DATA FOR THIS EXERCISE.
· · · · · · ·

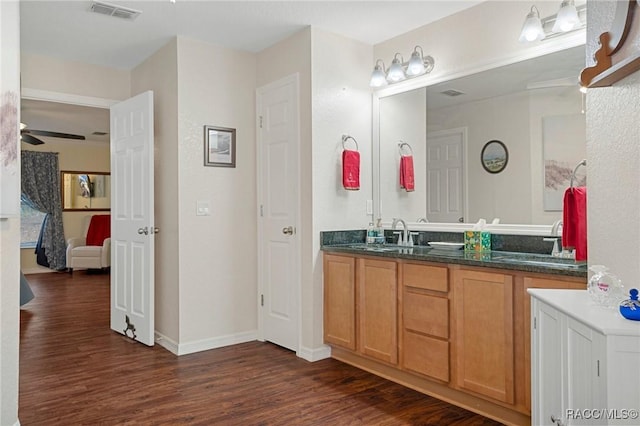 bathroom featuring wood-type flooring, vanity, and ceiling fan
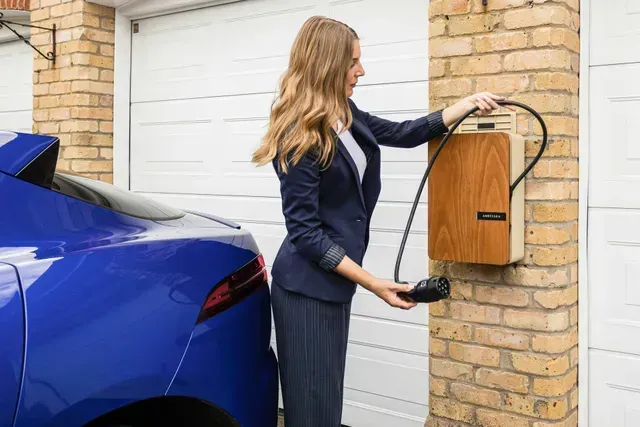 Woman installing an electric vehicle wall charger at home.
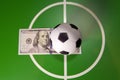 Sports and money concept - Toy soccer ball in a midfield, in the center of the green field and the banknote in hundred dollars on Royalty Free Stock Photo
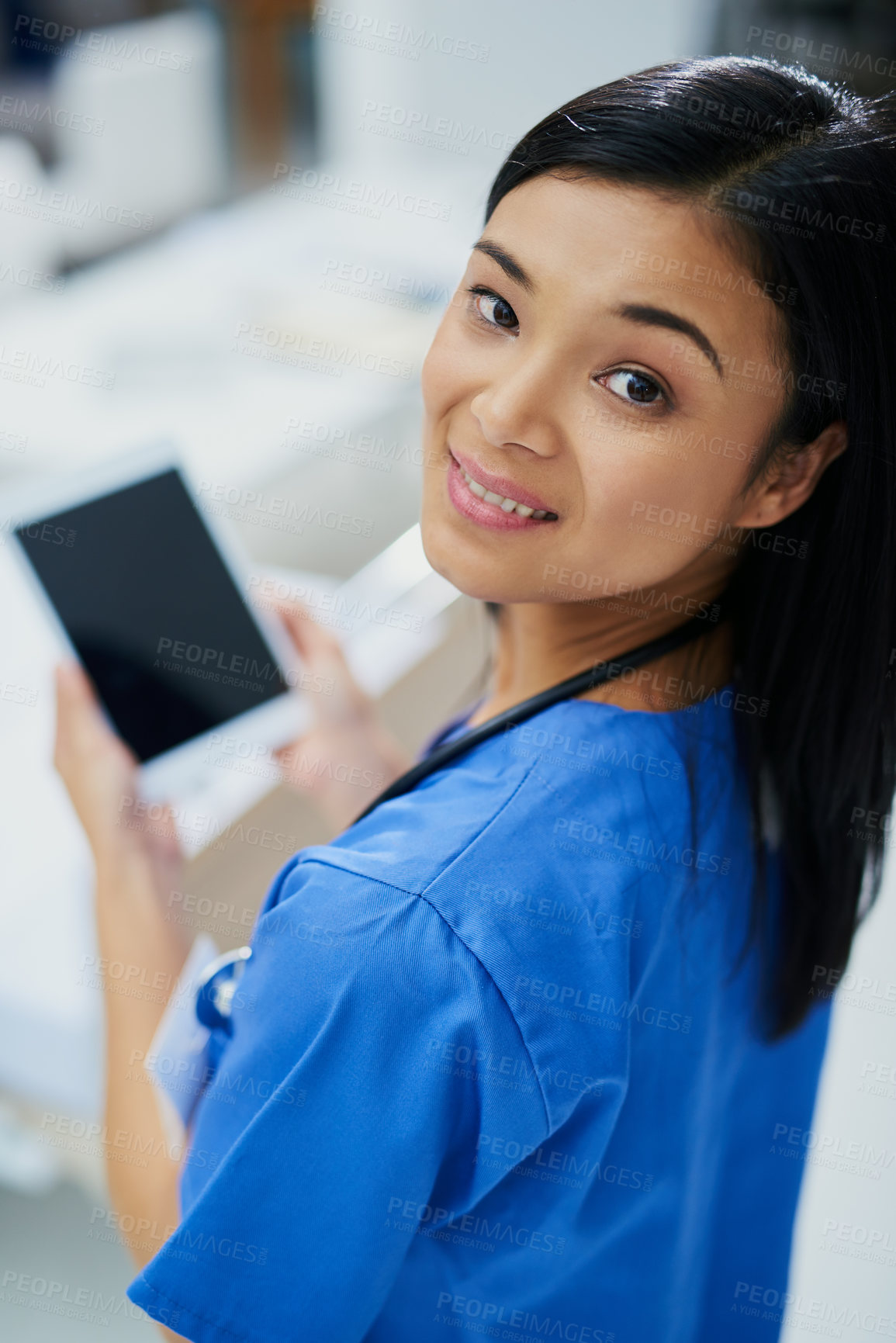 Buy stock photo High angle portrait of an attractive young female nurse using a tablet while standing in the hospital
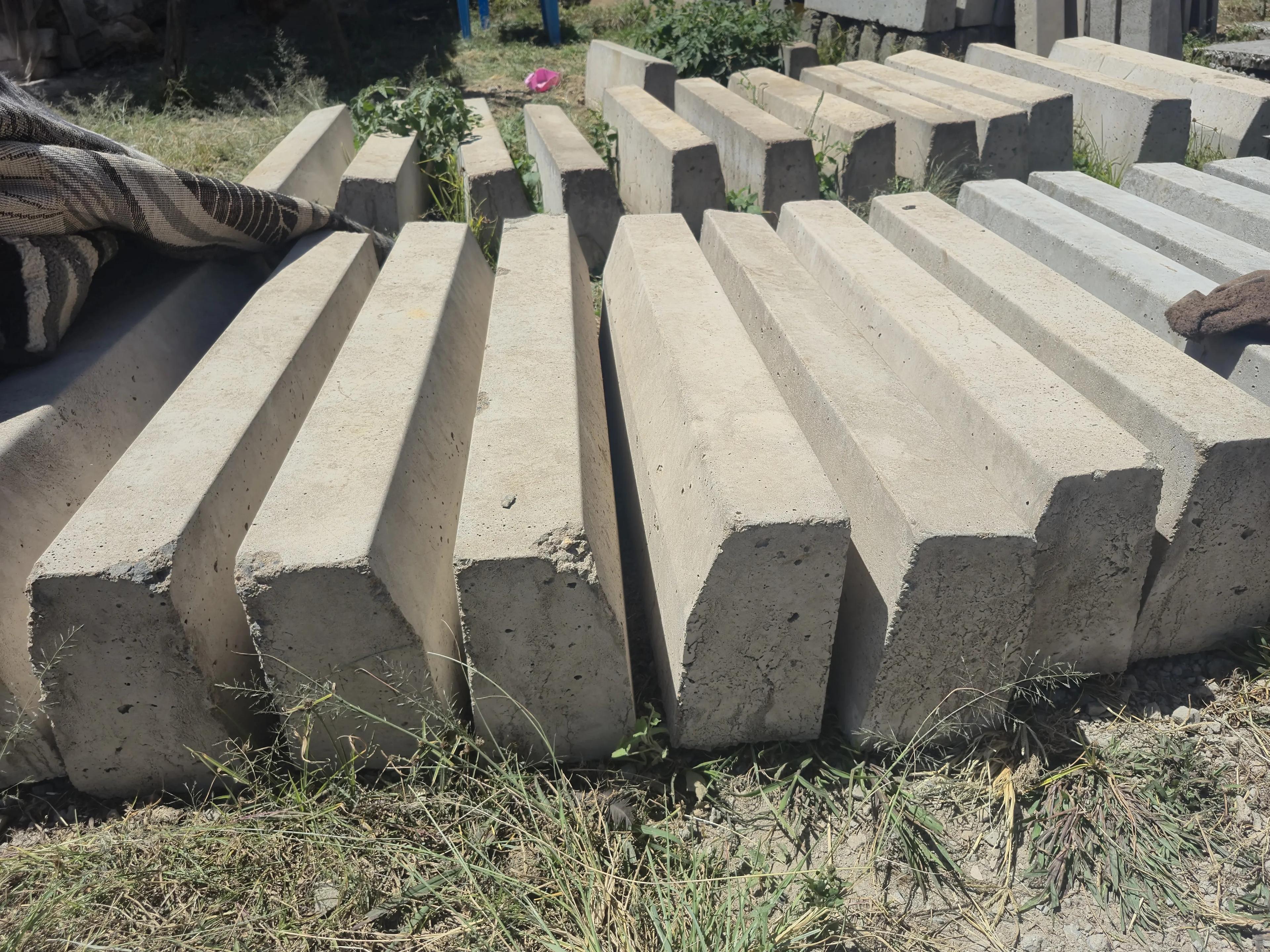 Heavy chamfered road kerbs laid out in rows on the grass, the angled top edge running the length of each one and further rows stacked behind.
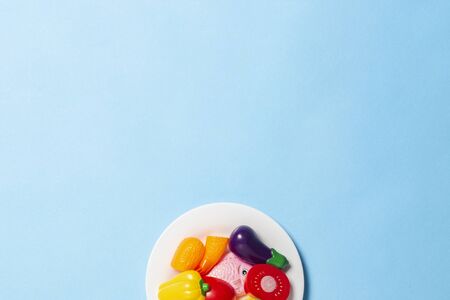 White plate with children's toys in the form of food on a blue background. Concept Artificial food,...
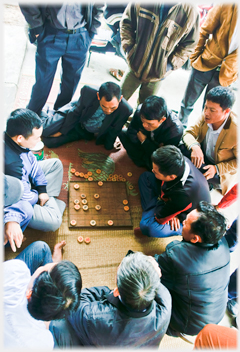 Men gathered round a game of Chinese chess.
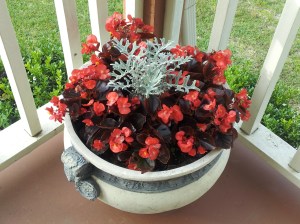 "Corner of porch with flowers on Cedar Creek Lake in East Texas" Have a great day copyright 2014 John J. Rigo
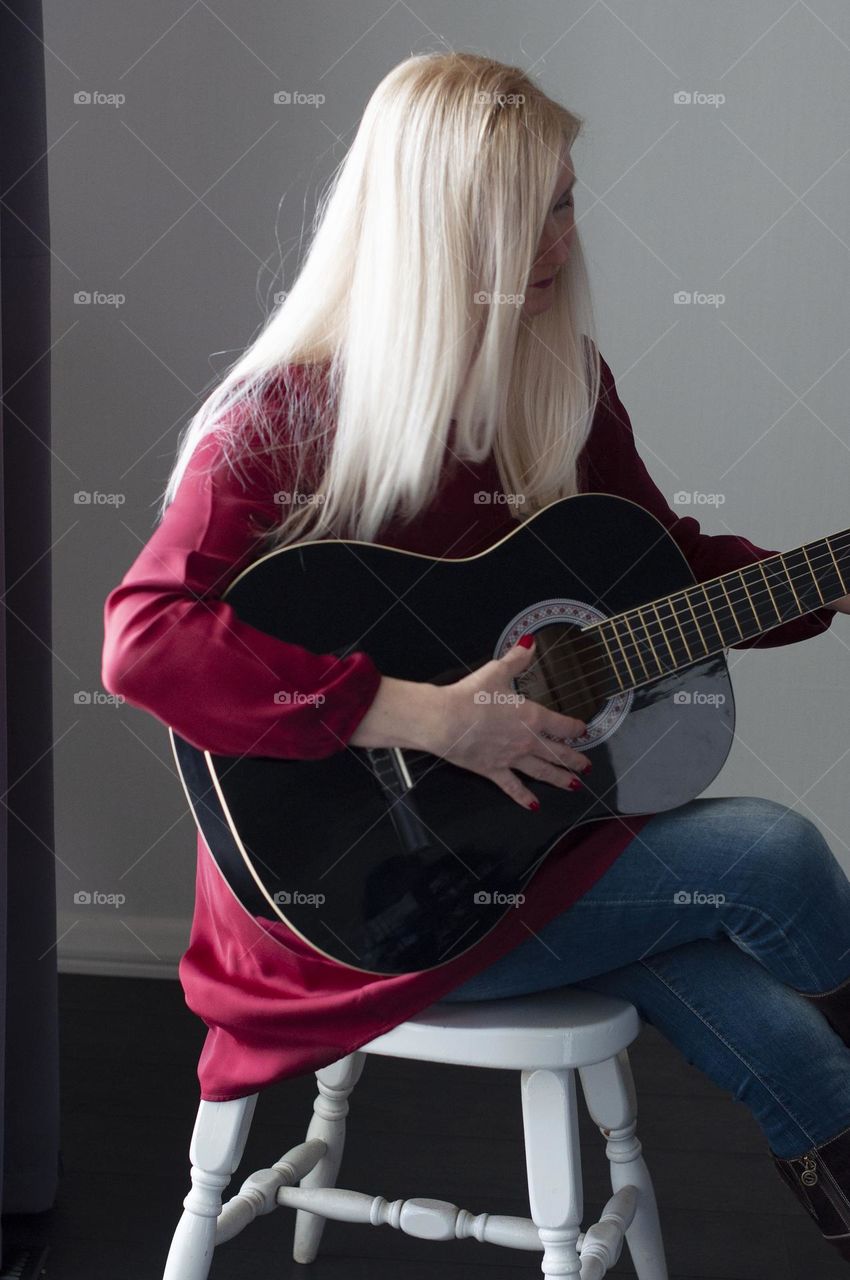 blonde girl in a red dress plays the black guitar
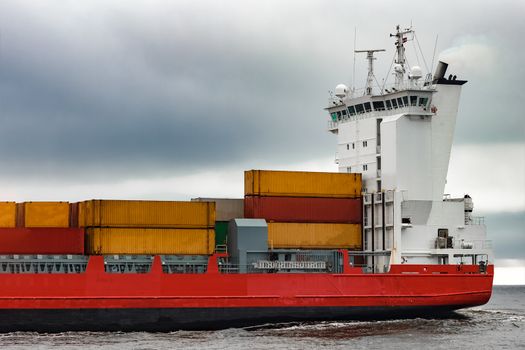 Red cargo container ship's cabin in cloudy day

· · · · · · ·

All that should appear in the response is the run of lines from the one with "White plate with" through the final line of the records, restated exactly, with pictures omitted.

 White plate with children's toys in the form of food on a blue background. Concept Artificial food,...
 Men gathered round a game of Chinese chess.
 "Corner of porch with flowers on Cedar Creek Lake in East Texas" Have a great day copyright 2014 John J. Rigo
 blonde girl in a red dress plays the black guitar
 Red cargo container ship's cabin in cloudy day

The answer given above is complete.